Activity:
Output exactly the lines that run from the start of the records to the line with "Image of Vintage", counting both ends, and skip the pictures.

*** Begin section ***

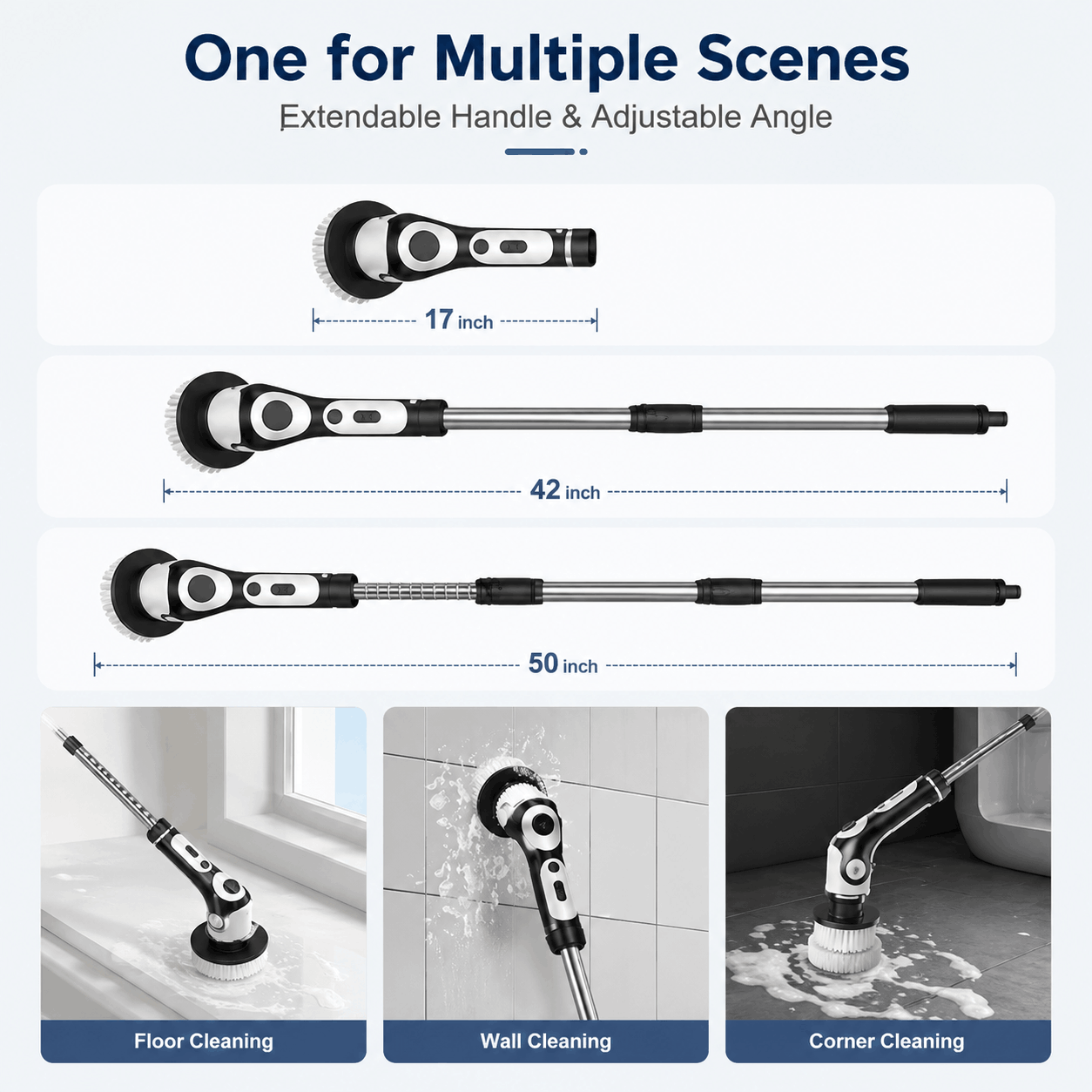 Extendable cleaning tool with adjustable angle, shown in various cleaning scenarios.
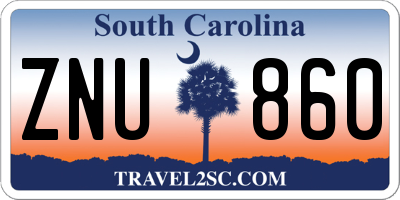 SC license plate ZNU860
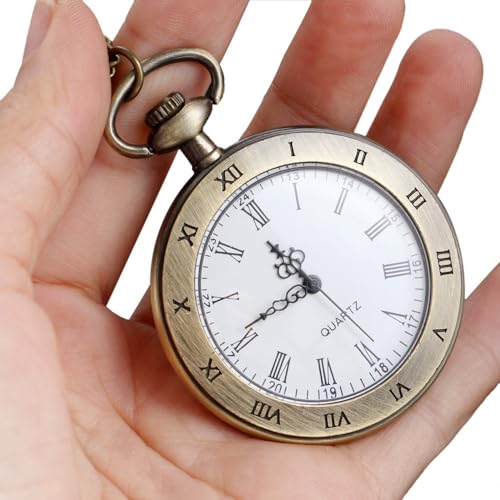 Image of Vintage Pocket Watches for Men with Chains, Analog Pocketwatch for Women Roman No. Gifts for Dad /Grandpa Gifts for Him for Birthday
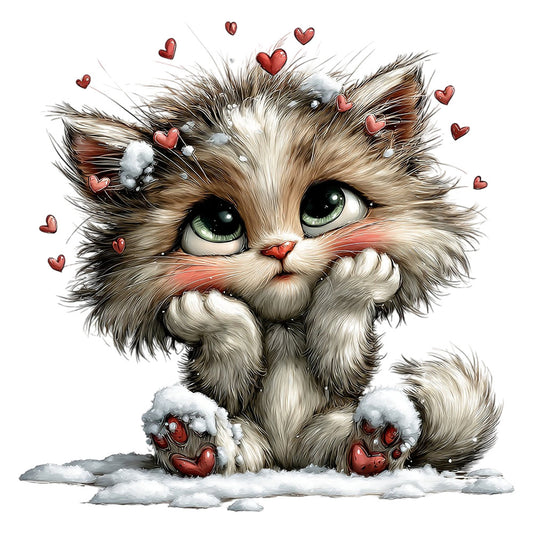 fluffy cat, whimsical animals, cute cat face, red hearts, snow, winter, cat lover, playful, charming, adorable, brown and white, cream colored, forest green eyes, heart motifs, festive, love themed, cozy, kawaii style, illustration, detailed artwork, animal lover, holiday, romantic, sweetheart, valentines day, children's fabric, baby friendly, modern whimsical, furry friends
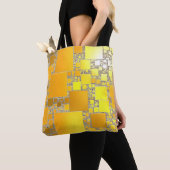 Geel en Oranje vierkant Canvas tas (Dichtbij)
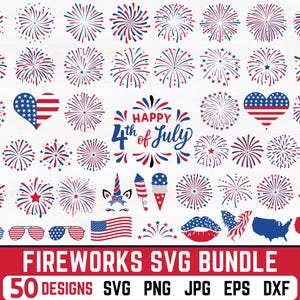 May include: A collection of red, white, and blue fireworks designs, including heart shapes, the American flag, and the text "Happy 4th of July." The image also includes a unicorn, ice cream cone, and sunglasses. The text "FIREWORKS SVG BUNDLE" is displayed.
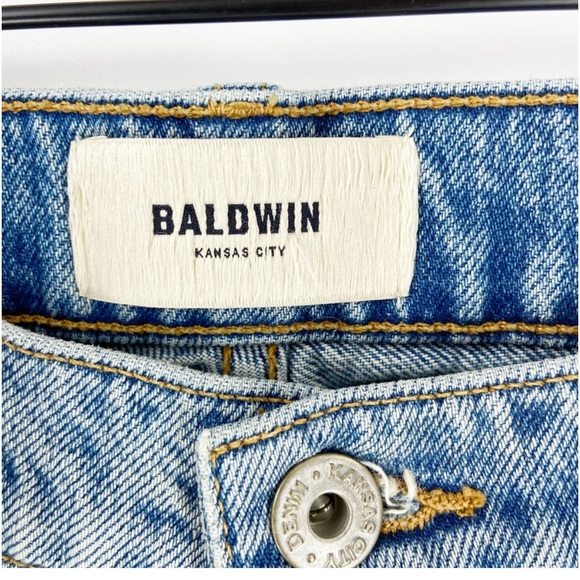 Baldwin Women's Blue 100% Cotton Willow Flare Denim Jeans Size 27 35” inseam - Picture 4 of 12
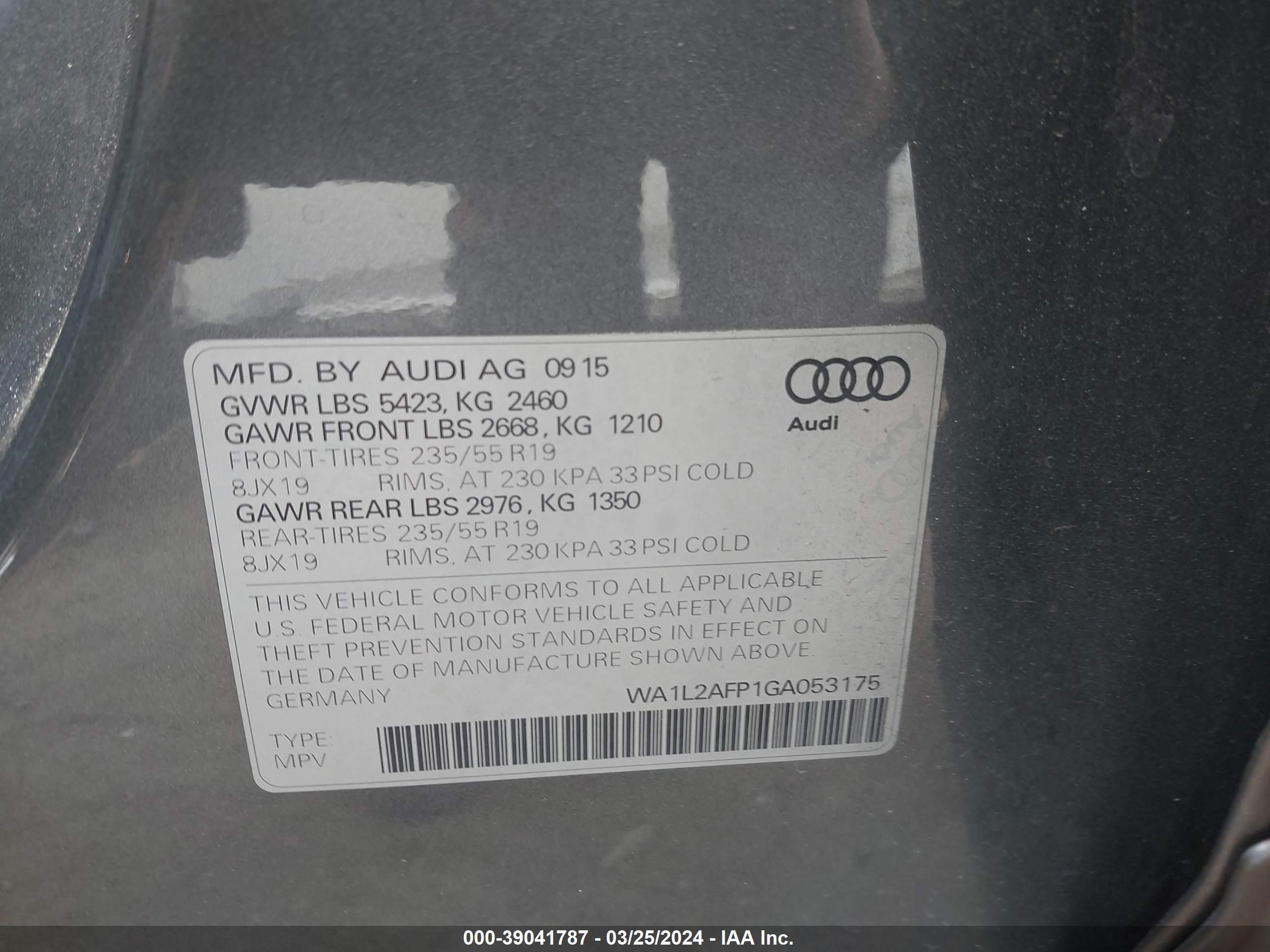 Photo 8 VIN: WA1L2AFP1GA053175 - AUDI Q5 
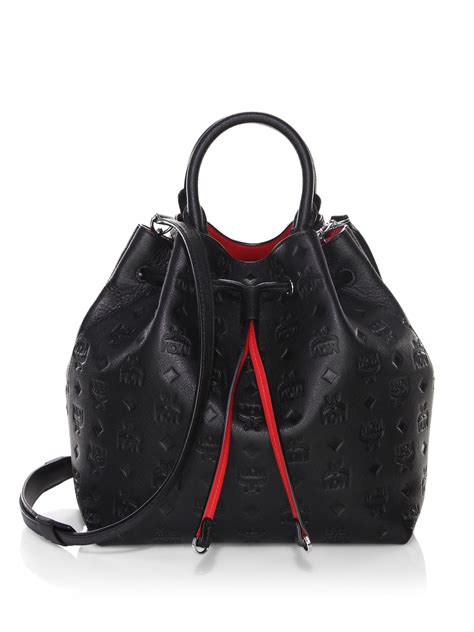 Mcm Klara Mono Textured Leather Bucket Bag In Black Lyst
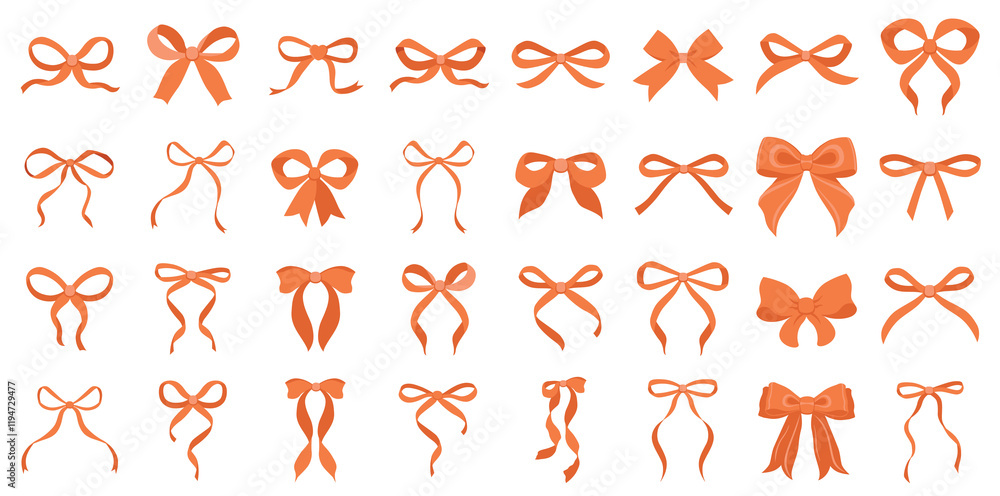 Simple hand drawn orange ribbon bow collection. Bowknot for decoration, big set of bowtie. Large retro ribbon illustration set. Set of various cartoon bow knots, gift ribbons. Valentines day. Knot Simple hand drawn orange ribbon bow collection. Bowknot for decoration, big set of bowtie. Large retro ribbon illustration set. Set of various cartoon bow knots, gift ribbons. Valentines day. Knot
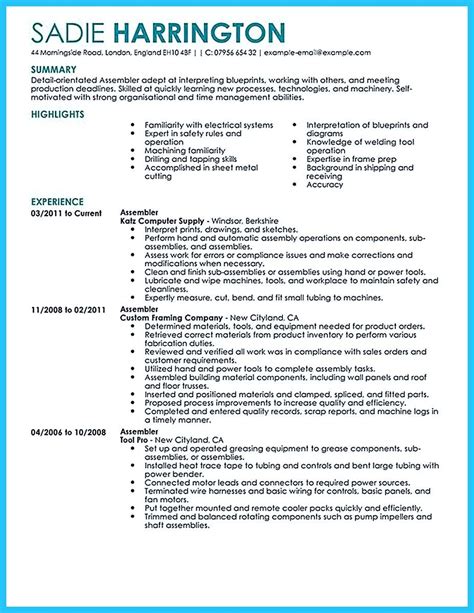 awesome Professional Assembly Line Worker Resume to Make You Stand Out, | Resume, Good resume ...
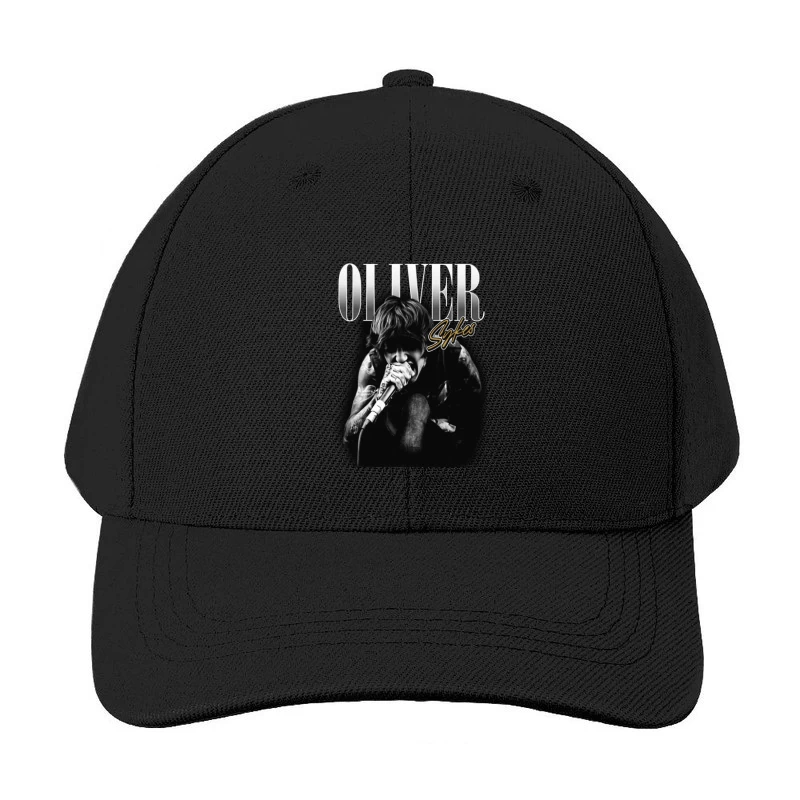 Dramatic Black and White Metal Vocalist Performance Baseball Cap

*** End section ***

Response to the task:
 Extendable cleaning tool with adjustable angle, shown in various cleaning scenarios.
 SC license plate ZNU860
 Image of Vintage Pocket Watches for Men with Chains, Analog Pocketwatch for Women Roman No. Gifts for Dad /Grandpa Gifts for Him for Birthday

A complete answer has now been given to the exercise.